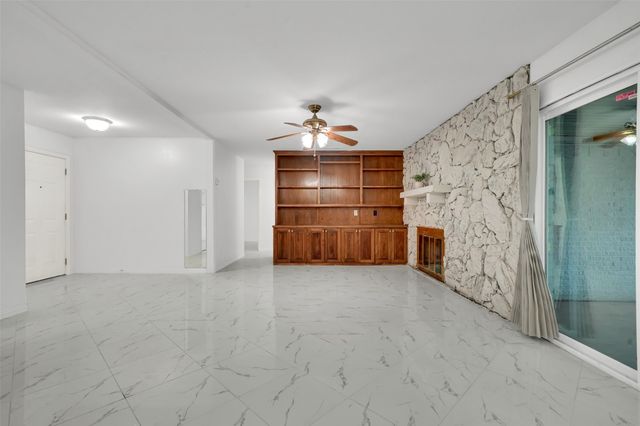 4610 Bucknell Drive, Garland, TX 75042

--

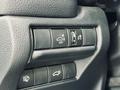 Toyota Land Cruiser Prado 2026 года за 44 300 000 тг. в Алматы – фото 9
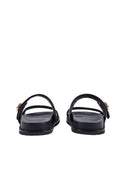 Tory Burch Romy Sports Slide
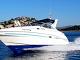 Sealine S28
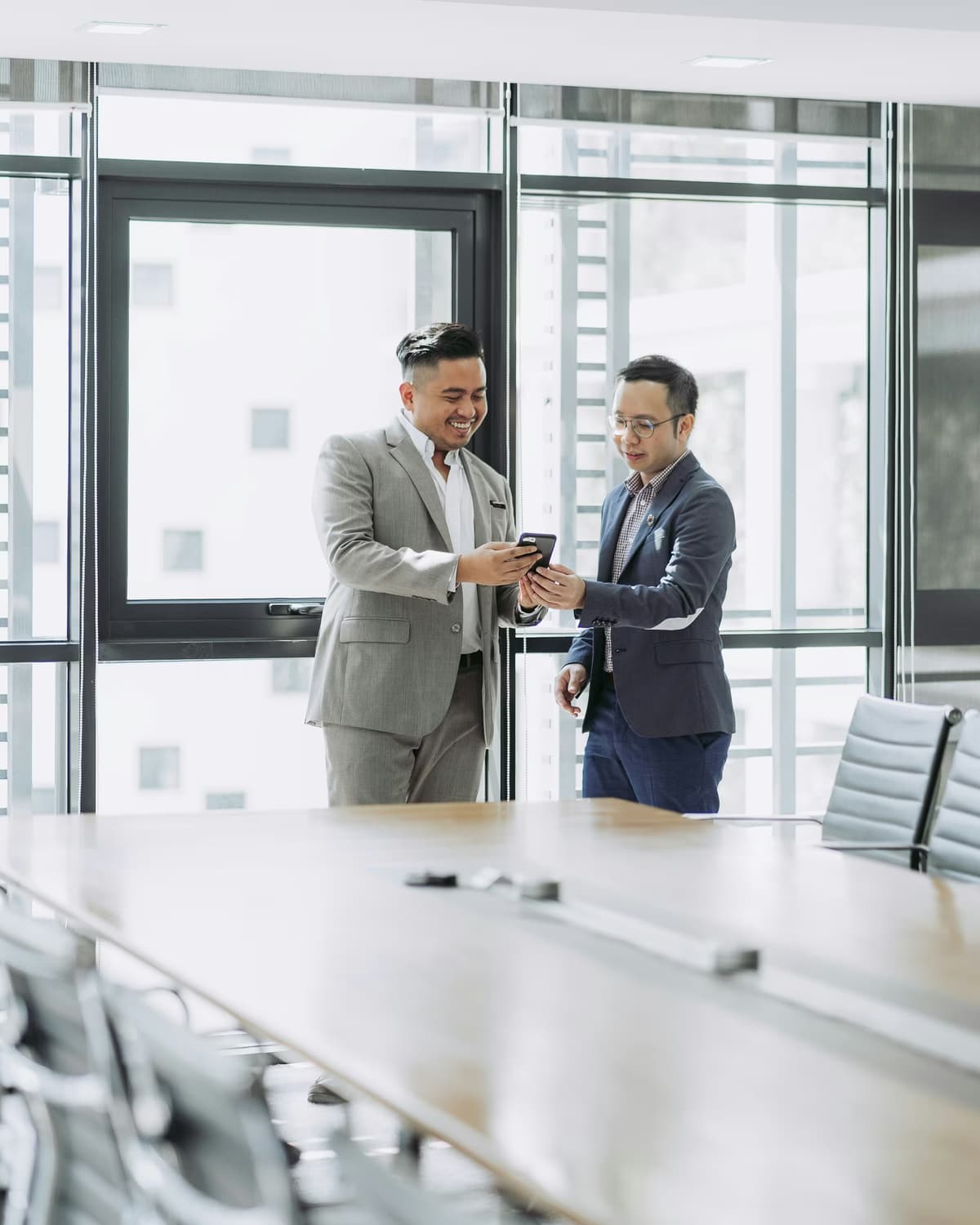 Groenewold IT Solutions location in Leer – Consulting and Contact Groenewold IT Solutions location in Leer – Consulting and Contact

Task to complete:
Both the line containing "Tory Burch Romy Sports Slide" and the line containing "and Contact Groenewold" above belong in the output, as do the lines between them. Print them exactly, without pictures.

Written solution:
 Tory Burch Romy Sports Slide
 Sealine S28
 Groenewold IT Solutions location in Leer – Consulting and Contact Groenewold IT Solutions location in Leer – Consulting and Contact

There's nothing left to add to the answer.